Teaching Yoga: Building Trust On & Off The Mat

By Moraima Capellán Pichardo

Building trust on and off the mat is essential to yoga teachers looking to expand their business via yoga retreats and workshops. Yoga places a tremendous amount of importance to the teacher-to-student relationships. Trust is a key aspect of leading safe and educational classes.
 
New yoga teachers are often overwhelmed by the experience of leading an asana class. Because of newly learned information, new teachers can find themselves in a headspace of doubt and instability. These nervous butterflies are normal and healthy!
 
If you are a new yoga teacher, try to remind yourself, that you are in a position of responsibility to your students. They are coming to your class and putting themselves in a vulnerable position. The work that your students are doing on the mat is more important than anything else. You know your material, teach what you know.
 
Building trust on and off the mat, gives you room and freedom to explore yoga retreats and workshops.
building trust on and off the mat

Start in the studio

Building trust on and off the mat starts in the yoga studio!

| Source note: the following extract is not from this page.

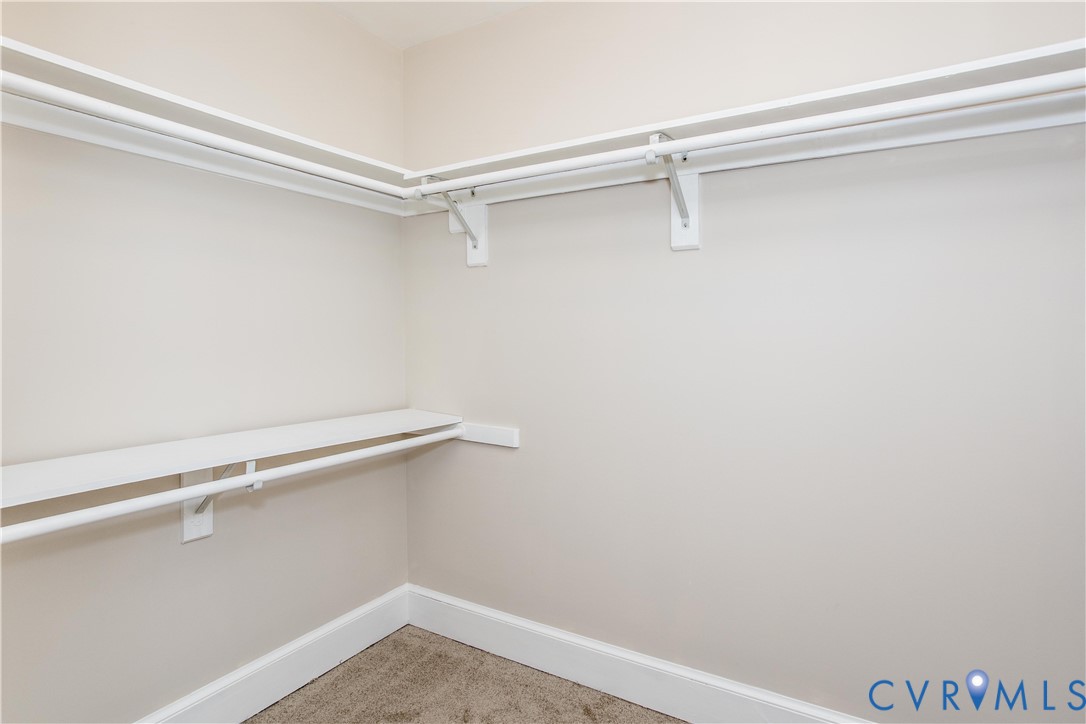 13110 Hensley Road Midlothian, VA 23112 - Photo 20 of 24 a view of a room with racks on the wall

Sounds obvious but there are a few things you might not have considered, that build up the tone of your classes:
  1. Prepare & Organize: You can never prepare for all situations. And while you should try to teach the person in front of you, it is helpful to have a sense of where you’d like to go for each class. Planning a sequence can be quite fun but don’t beat yourself up  if you forget some of your notes.
  2. Introduce yourself to your students: ask them about their practice and if they have any injuries or conditions. Otherwise, some students might not tell you of important information that you need when adapting your sequence.
  3. Ask students if they are okay with physical adjustments: Don’t assume that students will be okay with hands-on adjustments. You might have a student coming from a traumatic experience where touch is a trigger. Always keep communicating as you adjust: is this alright? Can I apply more pressure? Etc.
  4. Stop demonstrating: You don’t need to demonstrate a warrior II. Use detailed descriptions that allow you to walk around and look around the bodies in front of you. Students are not paying to watch you practice. If you need to demonstrate an advanced posture, take a moment to pause so that all the students can watch you. When it is their turn to give it a try, you have space to spot any students that need it or provide additional guidance.
  5. Give your students room to take ownership of their practice: Not all styles of yoga use props such as blocks and straps. But regardless of which style you teach, you don’t want to scare your students away by becoming militant! Encourage them to listen to the needs of their bodies and rest when necessary. It’s important to repeat this when working with new students who have yet to build the confidence to move in intuitive ways.
building trust on and off the mat

Connect after class

After class, open your space up to questions and comments from students. This gives you an opportunity to grow with your students and makes you more accessible. Encourage your students to share their experience through testimonials. You can later use these on your website and/or social media presence.
 
Think about how you choose your dentist or hairdresser, you ask your friends for a recommendation! New in town? Of course, you check for reviews! As a yoga teacher, you are on the other end. Especially when you want to reach new students with a yoga retreat and/or workshop. You’ve got to first build up trust on and off the mat.
 
Studies show that, on average, 90% of consumers read reviews before visiting a business. More than 80% also trust reviews like a personal recommendation. You are a business.
 
Don’t hesitate to ask your students for a review and/or act as your ambassador and recommend you to their friends. Always mention it after class.
 
  1. Give them a form where they can fill in some feedback. Always be grateful for whatever feedback you receive. You can learn from both positive and negative feedback.
  2. Collect email addresses and start a newsletter. Send out kind reminders with a link to the review platform as well as event news.
  3. Tell students and friends to give you a review on Facebook, Instagram, Google etc.
  4. If you’ve already read a retreat and/or workshop, use testimonials on sites dedicated to these yoga events. Websites such as: bookyogaretreats.com and bookretreats.com
  5. Ask students to mention you in a social media post, saying what they like about you as a yoga teacher
 
If you don’t spread the word, they might not think about it at all.
building trust on and off the mat

Strategize your social media presence

It’s alright to chose to not engage with the online yoga social media world. If that is the case, consider making your accounts private.
 
If you chose to be active on social media, please remember: the amount of followers and likes on any given platform is not indicative of your worth as a person and as a yoga teacher. Social media is another tool to build a following for your classes, retreats and workshops.
 
  1. Post quality images and/or notes: There can be quite a lot of noise and accounts that look and sound the same. What can you offer to a prospective student? Show that through the content that you share.
  2. Don’t spam: Gentle reminders work better than outright badgering people.. Remove outdated wording from your posts: check this out and follow me. Try to show your personality.
  3. Engage your followers and/or the community: the online yoga community can be a comforting and supportive space. Keep it positive and encouraging.
 
Building trust on and off the mat is all about your overall presence. It’s a combination of the important work done inside the classroom and how you chose to engage outside.